A recent motion picture titled “EYE IN THE SKY” calls to mind some of the realities facing the use of military “Drone” aircraft today, both from the viewpoint of target selection, and the effect on flight crew members. The story revolves around a British mission against an Al-Shabaab target in Nairobi, Kenya and an operational crew made up of US Air Force personnel in Nevada. Target selection and mission operational control are in the hands of British Colonel Katherine Powell, played beautifully by Helen Mirren who appears against the backdrop of a British Lt. General and a high-ranking Foreign Secretary among others meeting in Sussex on the other side of the Atlantic.
Meanwhile the movie-goer is watching through the eyes of a drone aircraft circling “invisibly” at 25,000 feet what’s going on in the village square at the center of which militants are assembling suicide-bomb vests for immediate dispersal in the room of a ruined building. It seems as though the moment is right and conditions perfect for the armed drone to deliver its two Hellfire missiles.
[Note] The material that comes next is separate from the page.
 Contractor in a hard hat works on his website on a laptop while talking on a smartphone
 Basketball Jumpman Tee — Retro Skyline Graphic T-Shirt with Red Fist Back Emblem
Then we see an adorable little local girl setting up a table to sell her mother’s bread within the “kill zone”.
At Creech AFB in the Nevada dessert, an American pilot and the female enlisted Airman operating aiming and firing controls sit at a space-age module in a windowless room awaiting orders to execute, while nearby senior Air Force officers are shaking their heads at British “dithering”, intimating to movie-goers that were this a U.S. operation such a collateral complication would not be such a big deal. (The film is after all a British production.) As the charming girl leaves her table, but then returns with a new basket of bread, the decision-makers begin an endless process of “referring up”; that is going up their chain of command all the way through a line of “waffling” politicians to the U.S. Secretary of State who is attending a ping pong tournament in China played by the late Alan Rrickman, to whom by the way, the film is dedicated.
At virtually the last minute before the suicide vests are sent on their way the missile strike takes out the target and cameras focus on the dying girl and the resulting sadness on the faces of participants in Africa, Britain and Nevada.
What theatre audiences will not know is the toll taken on the Air Force crews serving at the Creech facility just one hour away from the bright lights and fun palaces of Las Vegas, who have the unheralded but high-pressure job of “flying” drones and firing missiles half-a-world away for 18-hour- long days with little rest, where they need a thousand more pilots and airmen than they can recruit for a duty with little glory and the prospect of life-long memories of collateral consequences.